Since the Korean War, the
North has never abandoned its goal of communizing the entire Korean Peninsula.
Pyongyang will welcome the transfer of wartime operational command from
Washington to Seoul, which scheduled for April 17, 2012. Fortunately, the U.S.
and South Korea are discussing a delay. [Plans are to give Seoul control of its own forces in case of war. Since
the end of the Korean War, this has been the domain of the United States military].
The South Korea-U.S. alliance
is based on the operational command that former President Rhee Syng-man transferred
to General Douglas MacArthur shortly after the war broke out in July 1950; the
South Korea-U.S. Mutual Defense Treaty signed in October 1953; and the South
Korea-U.S. Combined Forces Command established by former President Park Chung-hee. The
concept of a U.S.-dependent defense is likely to change after 2020. South Korea
is facing the huge challenges of national defense, preparation for a sudden
change in North Korea, and reunification.
The Korean War was a battle
to protect free democracy. The Korean Peninsula should be reunified based on
free and open democracy and the market economy rather than the communism that
the North sought to impose through invasion. South Korean leftists have
recently stressed peace in dealing with North Korea. But they have replaced the
slogan “within the same nation” with "peace," because [given the
condition of North Korea], the former no longer appeals to people.
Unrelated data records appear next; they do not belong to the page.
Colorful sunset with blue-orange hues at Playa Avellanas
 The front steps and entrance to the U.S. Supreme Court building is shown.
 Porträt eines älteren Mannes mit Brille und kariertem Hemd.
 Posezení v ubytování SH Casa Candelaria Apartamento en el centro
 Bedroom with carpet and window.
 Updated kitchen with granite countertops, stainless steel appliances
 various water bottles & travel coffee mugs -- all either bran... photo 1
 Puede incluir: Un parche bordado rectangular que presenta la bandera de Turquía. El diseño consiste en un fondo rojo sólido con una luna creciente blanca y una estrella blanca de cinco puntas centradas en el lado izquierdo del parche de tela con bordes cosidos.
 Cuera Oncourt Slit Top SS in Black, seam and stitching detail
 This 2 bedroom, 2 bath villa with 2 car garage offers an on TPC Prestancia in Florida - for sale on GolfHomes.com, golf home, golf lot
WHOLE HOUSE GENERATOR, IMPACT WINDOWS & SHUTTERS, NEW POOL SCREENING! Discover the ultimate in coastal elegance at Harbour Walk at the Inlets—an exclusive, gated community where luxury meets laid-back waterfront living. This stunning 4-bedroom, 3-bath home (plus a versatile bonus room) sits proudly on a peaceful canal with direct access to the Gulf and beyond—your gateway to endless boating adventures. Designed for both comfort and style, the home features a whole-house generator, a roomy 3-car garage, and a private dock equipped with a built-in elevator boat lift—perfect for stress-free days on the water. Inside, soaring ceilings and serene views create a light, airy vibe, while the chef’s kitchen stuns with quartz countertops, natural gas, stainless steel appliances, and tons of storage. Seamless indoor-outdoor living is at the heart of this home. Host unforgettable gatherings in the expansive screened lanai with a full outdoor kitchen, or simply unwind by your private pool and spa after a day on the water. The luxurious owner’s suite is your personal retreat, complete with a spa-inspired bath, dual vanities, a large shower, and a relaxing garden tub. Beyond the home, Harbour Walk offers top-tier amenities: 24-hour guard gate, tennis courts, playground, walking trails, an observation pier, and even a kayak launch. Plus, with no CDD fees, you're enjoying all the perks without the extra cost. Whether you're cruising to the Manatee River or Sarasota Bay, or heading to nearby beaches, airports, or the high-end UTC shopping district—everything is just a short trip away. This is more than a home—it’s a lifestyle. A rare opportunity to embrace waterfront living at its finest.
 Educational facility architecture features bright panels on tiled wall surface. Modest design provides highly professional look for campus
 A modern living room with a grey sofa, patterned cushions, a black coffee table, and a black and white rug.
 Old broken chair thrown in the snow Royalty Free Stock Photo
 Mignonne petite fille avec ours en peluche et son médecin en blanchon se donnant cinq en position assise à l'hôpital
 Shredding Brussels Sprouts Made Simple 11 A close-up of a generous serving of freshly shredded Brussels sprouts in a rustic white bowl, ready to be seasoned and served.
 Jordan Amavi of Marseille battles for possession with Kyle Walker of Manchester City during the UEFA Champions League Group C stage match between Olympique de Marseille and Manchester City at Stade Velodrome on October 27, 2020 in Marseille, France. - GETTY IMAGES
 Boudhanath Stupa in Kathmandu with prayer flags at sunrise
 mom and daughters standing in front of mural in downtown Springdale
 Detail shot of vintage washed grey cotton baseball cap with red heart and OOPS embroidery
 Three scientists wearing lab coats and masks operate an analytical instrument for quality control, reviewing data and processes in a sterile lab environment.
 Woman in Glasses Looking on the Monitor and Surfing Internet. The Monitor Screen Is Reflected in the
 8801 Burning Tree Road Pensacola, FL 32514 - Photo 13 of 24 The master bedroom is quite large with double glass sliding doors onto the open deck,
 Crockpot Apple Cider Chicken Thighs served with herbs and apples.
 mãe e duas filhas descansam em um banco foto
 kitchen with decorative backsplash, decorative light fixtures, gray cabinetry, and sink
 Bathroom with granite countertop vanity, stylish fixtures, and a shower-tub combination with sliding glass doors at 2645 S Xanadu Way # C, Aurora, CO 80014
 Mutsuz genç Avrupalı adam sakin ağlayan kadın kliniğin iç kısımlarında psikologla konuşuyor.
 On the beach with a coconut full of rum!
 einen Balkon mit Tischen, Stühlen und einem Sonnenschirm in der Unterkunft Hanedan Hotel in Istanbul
No one would
refuse peace, but without a strong and prepared national defense, peace cannot
be maintained.
Seoul and the rest of our people
must do what's is necessary to live up to the noble sacrifice of the Korean
War's fallen and continue to care for the wounded and their families. In
addition, the South should never give up the fight to win the return of over
500 South Korean POWs still believed to be in North Korea. The Republic of
Korea’s mission is to end the Kim Jong-il dictatorship that starves its people
to death and threatens peace on the Korean Peninsula and the world, and to reunify
the Korean Peninsula.
Time can heal wounds and dampen
the memory of painful events. South Koreans, however, mustn't allow the Korean
War to vanish from memory at a time that North Korea continues to develop
nuclear weapons and launch military provocations.